→ **AIM OF THE EXERCISE**:
Would you copy the lines below exactly and omit the images?

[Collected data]

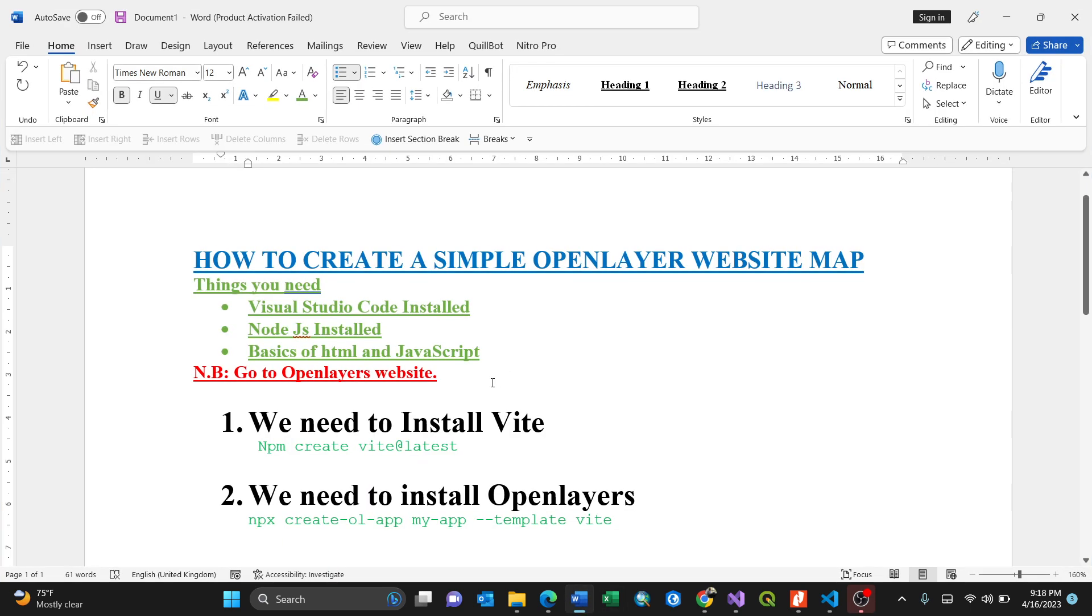We have a main instruction document here. This document explains how to create a simple OpenLayers website map. So things you need:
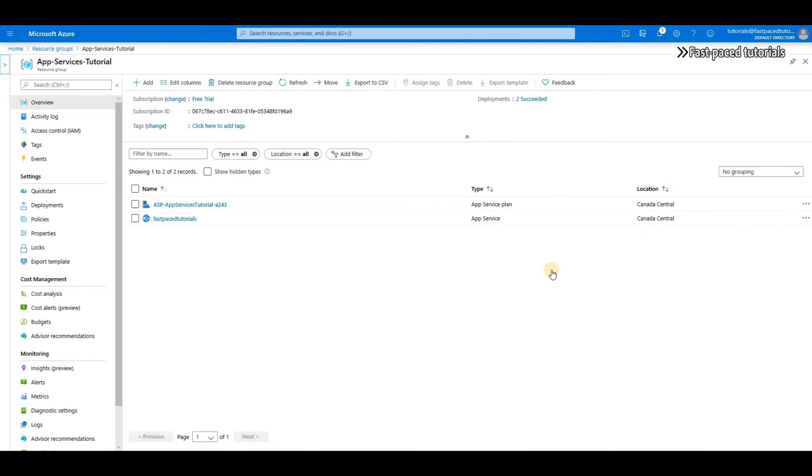Hi everyone, in this episode of fast-paced tutorials I'm going to show you how you can deploy your application directly from GitHub to your app services using continuous delivery.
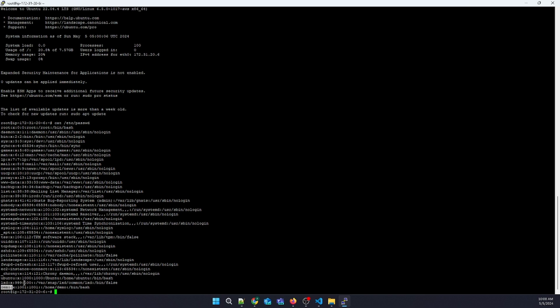This is how you create SSH users on multiple servers using Ansible. See you in the next video. I'm putting my repo link in the description, so if you need to refer to the code or use it as a reference, you can use it easily.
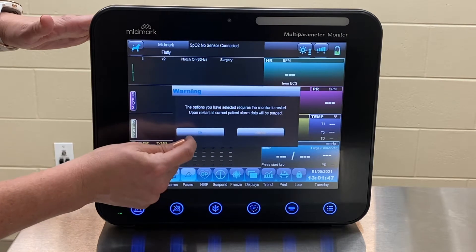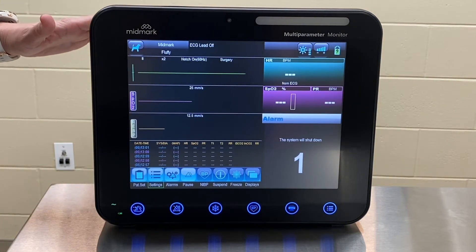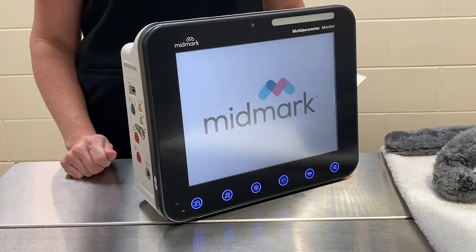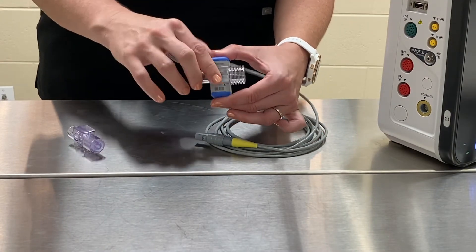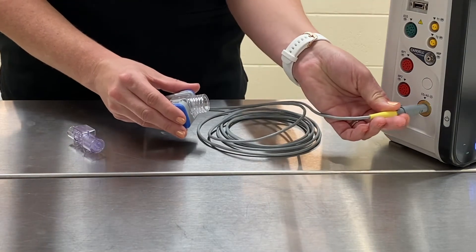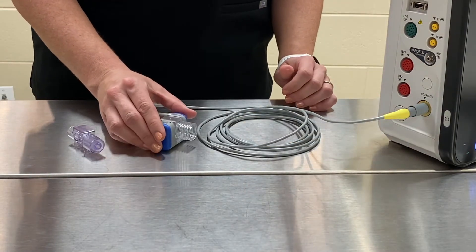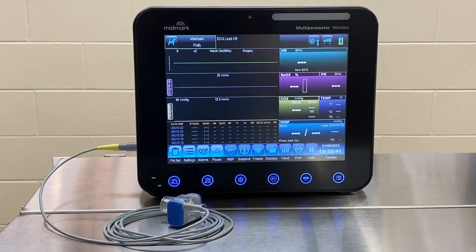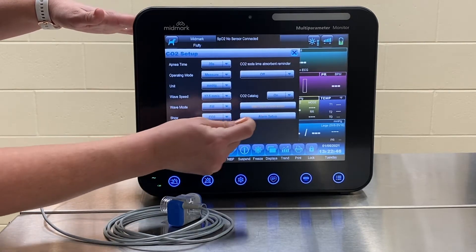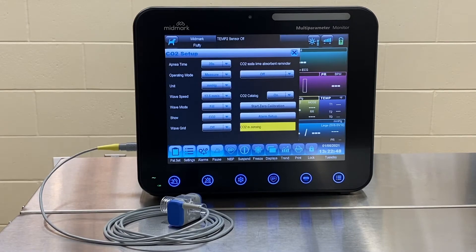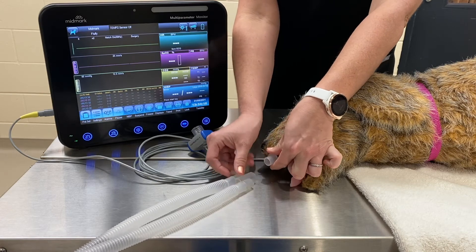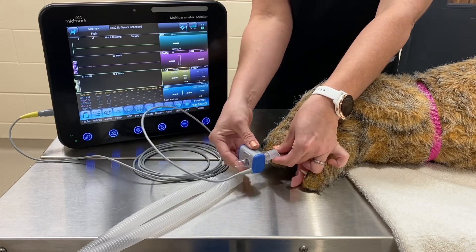Press X in the upper right corner and select OK to shut down the monitor. Turn the monitor back on by pressing the power button. Next, gently insert the appropriate size adapter or filter line into the CO2 sensor. Plug the CO2 cable into the CO2 port on the side of the monitor. Allow the sensor to warm up and then start the zero calibration by pressing the CO2 waveform and pressing Start Zero Calibration. The sensor is attached between the endotracheal tube and the breathing circuit, with the logo facing upwards.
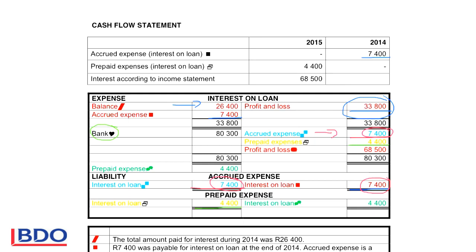Then we look at the profit and loss figure. Remember, the figure in your profit and loss is the amount it should be if there were no prepaid and no accrued amounts. So in my income statement I have a figure of $68,500. I debited profit and loss and credited interest on loan with $68,500. Because I've done all these entries, I am able to determine what was the outflow of money as a result of interest paid: $80,300.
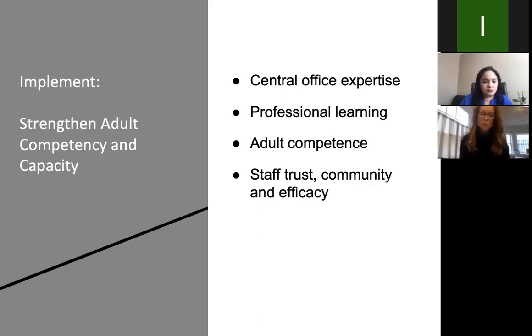In North Andover, our rollout plan started with doing a lot of professional development using the toolkit. I've hit most of the schools this year since the toolkit became accessible to me, and I have three more schools to present to, with excellent feedback so far on how helpful it's been in increasing their own competence and capacity around understanding trauma and what types of practices they want to put into place in their classroom or schools.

→ **PROBLEM SOLUTION**:
We have a main instruction document here. This document explains how to create a simple OpenLayers website map. So things you need:
Hi everyone, in this episode of fast-paced tutorials I'm going to show you how you can deploy your application directly from GitHub to your app services using continuous delivery.
This is how you create SSH users on multiple servers using Ansible. See you in the next video. I'm putting my repo link in the description, so if you need to refer to the code or use it as a reference, you can use it easily.
Press X in the upper right corner and select OK to shut down the monitor. Turn the monitor back on by pressing the power button. Next, gently insert the appropriate size adapter or filter line into the CO2 sensor. Plug the CO2 cable into the CO2 port on the side of the monitor. Allow the sensor to warm up and then start the zero calibration by pressing the CO2 waveform and pressing Start Zero Calibration. The sensor is attached between the endotracheal tube and the breathing circuit, with the logo facing upwards.
Then we look at the profit and loss figure. Remember, the figure in your profit and loss is the amount it should be if there were no prepaid and no accrued amounts. So in my income statement I have a figure of $68,500. I debited profit and loss and credited interest on loan with $68,500. Because I've done all these entries, I am able to determine what was the outflow of money as a result of interest paid: $80,300.
In North Andover, our rollout plan started with doing a lot of professional development using the toolkit. I've hit most of the schools this year since the toolkit became accessible to me, and I have three more schools to present to, with excellent feedback so far on how helpful it's been in increasing their own competence and capacity around understanding trauma and what types of practices they want to put into place in their classroom or schools.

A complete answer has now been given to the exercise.